Europas Heizung ist zurückgedreht. Warum, darüber streiten die Gelehrten. Schuld daran könnte die Ölkatastrophe vom April im Golf von Mexiko sein. Der Verursacher BP schüttete seiner Zeit 7,5 Millionen Liter der Chemikalie Corexit ins Meer, um das ausgelaufene Öl fein zu verteilen. Dadurch ist der Golfstrom, der am äußeren Küstenabschnitt von North Carolina vorbeifließt, aus dem Takt geraten. Würde der Golfstrom ganz ausfallen, käme eine neue Eiszeit über Europa. Darauf deutet jedoch bisher nichts hin.

Eine andere Theorie in einer Studie der renommierten Experten des Potsdam-Instituts für Klimafolgenforschung, erklärt die kälteren Winter mit der globalen Klimaerwärmung.
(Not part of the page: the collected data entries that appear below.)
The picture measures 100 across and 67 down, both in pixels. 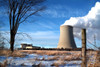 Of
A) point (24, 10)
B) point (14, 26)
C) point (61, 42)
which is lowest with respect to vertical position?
point (61, 42)

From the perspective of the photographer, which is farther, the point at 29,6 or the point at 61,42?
the point at 61,42

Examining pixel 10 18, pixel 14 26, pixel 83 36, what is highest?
pixel 10 18

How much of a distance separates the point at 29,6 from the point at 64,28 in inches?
434

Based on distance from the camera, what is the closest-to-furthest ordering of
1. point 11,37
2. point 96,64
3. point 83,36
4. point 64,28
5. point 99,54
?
point 83,36, point 96,64, point 99,54, point 11,37, point 64,28

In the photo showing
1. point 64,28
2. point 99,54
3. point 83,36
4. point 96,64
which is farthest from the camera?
point 64,28

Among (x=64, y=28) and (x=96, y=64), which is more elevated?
(x=64, y=28)

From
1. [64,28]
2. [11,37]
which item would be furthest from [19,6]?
[64,28]

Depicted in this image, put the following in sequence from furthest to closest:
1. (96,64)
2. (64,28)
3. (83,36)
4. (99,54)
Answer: (64,28)
(99,54)
(96,64)
(83,36)

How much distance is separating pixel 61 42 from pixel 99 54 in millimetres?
16199

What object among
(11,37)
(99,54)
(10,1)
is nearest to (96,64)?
(99,54)

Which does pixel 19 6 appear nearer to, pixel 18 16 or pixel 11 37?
pixel 18 16

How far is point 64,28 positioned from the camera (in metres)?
18.4

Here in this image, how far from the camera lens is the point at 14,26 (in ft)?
25.5

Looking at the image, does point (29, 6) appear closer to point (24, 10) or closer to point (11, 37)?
point (24, 10) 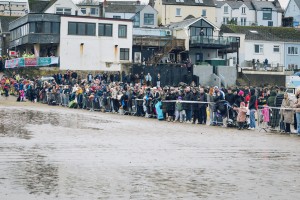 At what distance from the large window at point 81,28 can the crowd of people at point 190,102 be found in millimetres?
22998

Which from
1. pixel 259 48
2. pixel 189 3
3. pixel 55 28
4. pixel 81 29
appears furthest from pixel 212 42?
pixel 55 28

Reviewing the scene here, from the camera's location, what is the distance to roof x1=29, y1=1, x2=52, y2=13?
90000 millimetres

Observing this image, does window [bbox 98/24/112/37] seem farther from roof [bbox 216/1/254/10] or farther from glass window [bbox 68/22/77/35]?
roof [bbox 216/1/254/10]

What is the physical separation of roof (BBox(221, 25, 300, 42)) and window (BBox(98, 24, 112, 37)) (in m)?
26.7

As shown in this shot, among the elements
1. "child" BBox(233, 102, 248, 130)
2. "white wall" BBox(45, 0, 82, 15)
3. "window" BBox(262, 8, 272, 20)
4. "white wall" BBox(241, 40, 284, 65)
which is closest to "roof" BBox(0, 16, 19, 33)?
"white wall" BBox(45, 0, 82, 15)

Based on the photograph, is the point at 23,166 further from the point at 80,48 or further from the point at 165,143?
the point at 80,48

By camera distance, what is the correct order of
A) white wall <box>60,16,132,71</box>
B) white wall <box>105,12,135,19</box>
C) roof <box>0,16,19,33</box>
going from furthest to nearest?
white wall <box>105,12,135,19</box> < roof <box>0,16,19,33</box> < white wall <box>60,16,132,71</box>

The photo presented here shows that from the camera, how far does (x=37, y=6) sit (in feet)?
299

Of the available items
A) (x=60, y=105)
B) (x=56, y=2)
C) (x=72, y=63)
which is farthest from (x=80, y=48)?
(x=60, y=105)

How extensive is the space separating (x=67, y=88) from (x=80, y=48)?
26499 mm

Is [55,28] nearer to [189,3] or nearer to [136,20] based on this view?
[136,20]

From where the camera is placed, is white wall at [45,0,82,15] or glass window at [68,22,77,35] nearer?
glass window at [68,22,77,35]

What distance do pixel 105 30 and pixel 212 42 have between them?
16466mm

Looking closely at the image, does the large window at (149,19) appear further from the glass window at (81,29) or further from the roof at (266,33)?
the glass window at (81,29) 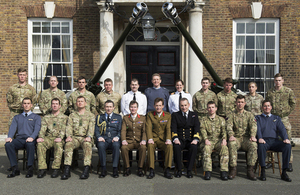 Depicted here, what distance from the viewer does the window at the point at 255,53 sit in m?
11.0

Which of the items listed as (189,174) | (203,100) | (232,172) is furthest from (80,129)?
(232,172)

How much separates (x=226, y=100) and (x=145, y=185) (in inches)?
110

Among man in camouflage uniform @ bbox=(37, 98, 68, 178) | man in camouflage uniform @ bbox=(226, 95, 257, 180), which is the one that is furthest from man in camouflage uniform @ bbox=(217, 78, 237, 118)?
man in camouflage uniform @ bbox=(37, 98, 68, 178)

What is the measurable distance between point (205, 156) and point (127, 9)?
6.09m

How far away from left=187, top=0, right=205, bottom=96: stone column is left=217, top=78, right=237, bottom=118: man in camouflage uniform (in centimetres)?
255

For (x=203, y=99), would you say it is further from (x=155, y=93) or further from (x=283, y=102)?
(x=283, y=102)

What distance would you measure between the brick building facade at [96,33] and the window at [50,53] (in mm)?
228

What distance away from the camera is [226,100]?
24.3ft

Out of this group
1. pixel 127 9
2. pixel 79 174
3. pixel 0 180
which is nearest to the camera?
pixel 0 180

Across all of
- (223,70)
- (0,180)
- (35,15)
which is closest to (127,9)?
(35,15)

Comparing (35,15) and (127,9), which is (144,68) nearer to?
(127,9)

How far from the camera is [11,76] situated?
35.7ft

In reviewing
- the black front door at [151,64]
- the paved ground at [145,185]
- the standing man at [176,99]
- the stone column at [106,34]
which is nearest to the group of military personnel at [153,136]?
the paved ground at [145,185]

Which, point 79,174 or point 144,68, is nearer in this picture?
point 79,174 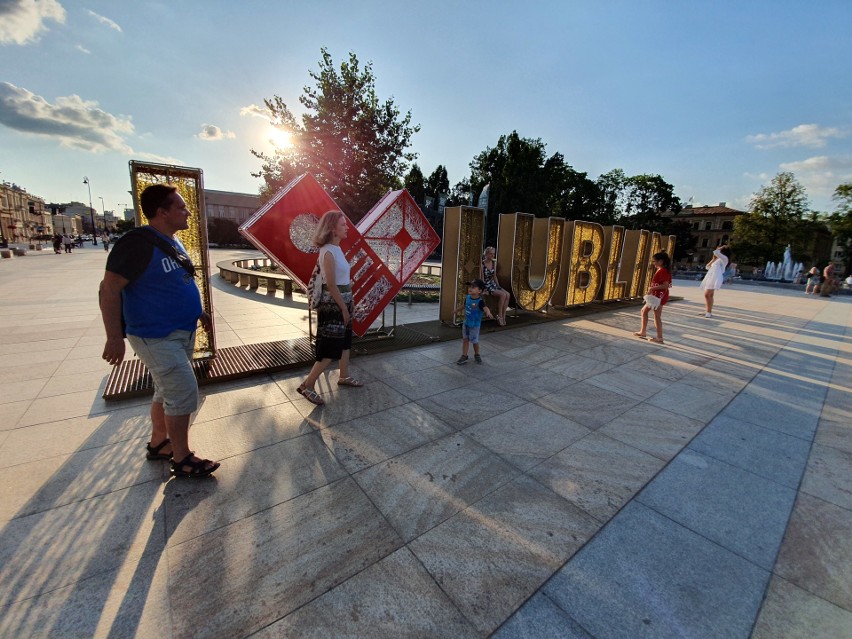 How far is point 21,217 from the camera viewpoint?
74.8 meters

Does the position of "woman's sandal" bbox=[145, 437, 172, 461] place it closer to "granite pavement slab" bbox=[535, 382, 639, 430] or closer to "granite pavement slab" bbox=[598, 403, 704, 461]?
"granite pavement slab" bbox=[535, 382, 639, 430]

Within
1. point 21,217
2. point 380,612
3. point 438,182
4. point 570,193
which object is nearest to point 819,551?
point 380,612

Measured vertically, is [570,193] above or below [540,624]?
above

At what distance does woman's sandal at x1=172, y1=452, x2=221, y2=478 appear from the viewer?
278cm

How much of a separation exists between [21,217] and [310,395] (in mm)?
110908

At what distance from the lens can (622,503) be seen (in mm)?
2717

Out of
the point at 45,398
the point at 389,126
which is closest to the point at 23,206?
the point at 389,126

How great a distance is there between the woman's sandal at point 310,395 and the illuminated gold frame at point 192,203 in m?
1.58

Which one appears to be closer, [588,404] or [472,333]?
[588,404]

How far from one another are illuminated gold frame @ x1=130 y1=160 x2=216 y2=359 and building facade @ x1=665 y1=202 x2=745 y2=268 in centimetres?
8564

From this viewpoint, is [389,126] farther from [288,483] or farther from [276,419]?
[288,483]

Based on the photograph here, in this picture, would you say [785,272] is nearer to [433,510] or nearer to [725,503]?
[725,503]

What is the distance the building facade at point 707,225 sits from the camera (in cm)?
7131

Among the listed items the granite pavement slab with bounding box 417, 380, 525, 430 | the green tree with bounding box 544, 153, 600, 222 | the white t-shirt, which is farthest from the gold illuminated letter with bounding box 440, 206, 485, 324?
the green tree with bounding box 544, 153, 600, 222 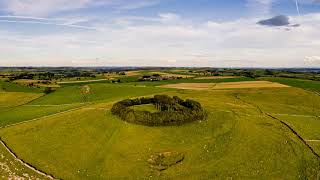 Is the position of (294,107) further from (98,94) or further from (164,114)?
(98,94)

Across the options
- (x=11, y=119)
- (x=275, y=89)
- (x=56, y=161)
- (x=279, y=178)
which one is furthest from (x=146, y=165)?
(x=275, y=89)

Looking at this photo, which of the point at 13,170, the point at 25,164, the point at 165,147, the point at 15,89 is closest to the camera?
the point at 13,170

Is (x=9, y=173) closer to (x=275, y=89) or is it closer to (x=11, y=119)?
(x=11, y=119)

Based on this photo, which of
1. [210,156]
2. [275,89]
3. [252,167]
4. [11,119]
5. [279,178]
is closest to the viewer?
[279,178]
Im Computermodell wurde errechnet, dass der Schwund des Meereises in nördlichen Gefilden – etwa der Barentssee oder um Grönland – sich auf das Klima in unseren Breitengraden direkt auswirkt. Das freiliegende Wasser gibt Wärme an die kalte Polarluft ab, die unteren Atmosphäreschichten heizen sich auf. So entstehen großräumige Tiefdruckgebiete über Nordeuropa sowie Nord- und Zentralasien und kalte arktische Luft strömt Richtung Süden. Die Wahrscheinlichkeit sehr harter Winter in Europa wird dadurch um das Dreifache gesteigert.

Auffällig für Zentraleuropa ist, dass es 2010 fünf Monate gab, in denen es teilweise deutlich zu kalt war: Januar, Februar, Mai, September, Oktober. Das gab es seit zehn Jahren nicht mehr.